* Problem requirements: With pictures omitted, the line containing "Akkuş Emlak'tan Köşe Arsa" and all later lines of the records below are to be restated word for word.

* Input data:
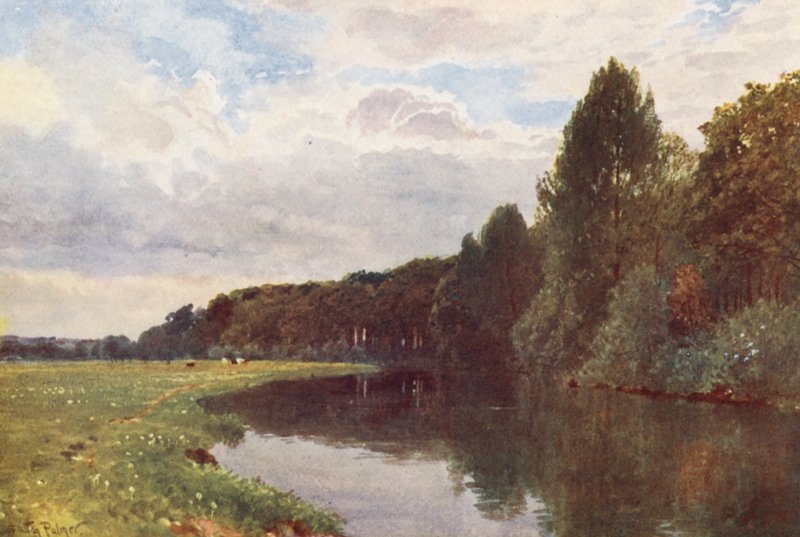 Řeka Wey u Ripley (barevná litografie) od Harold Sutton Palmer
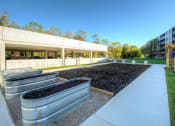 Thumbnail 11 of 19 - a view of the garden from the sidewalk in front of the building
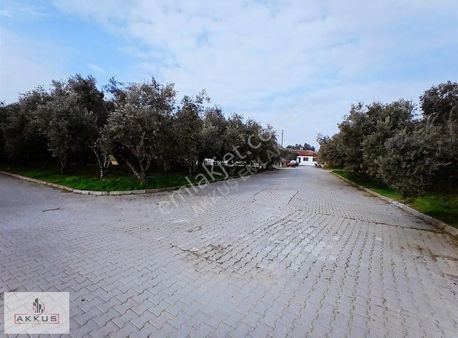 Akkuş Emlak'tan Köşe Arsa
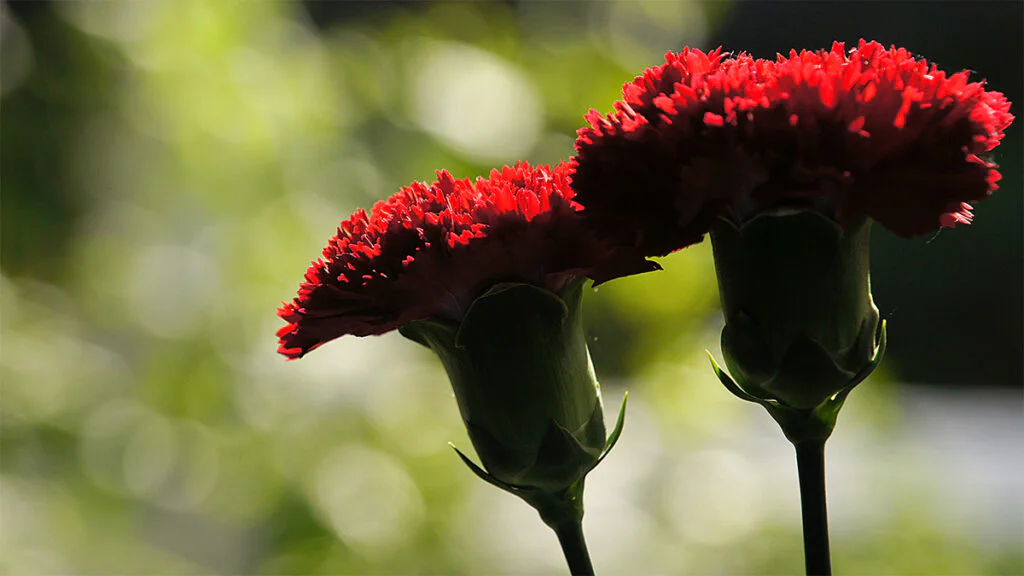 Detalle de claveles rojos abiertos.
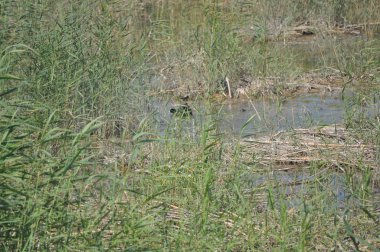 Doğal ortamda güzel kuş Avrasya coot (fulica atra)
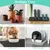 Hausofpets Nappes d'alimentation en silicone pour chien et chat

* Worked solution:
 Akkuş Emlak'tan Köşe Arsa
 Detalle de claveles rojos abiertos.
 Doğal ortamda güzel kuş Avrasya coot (fulica atra)
 Hausofpets Nappes d'alimentation en silicone pour chien et chat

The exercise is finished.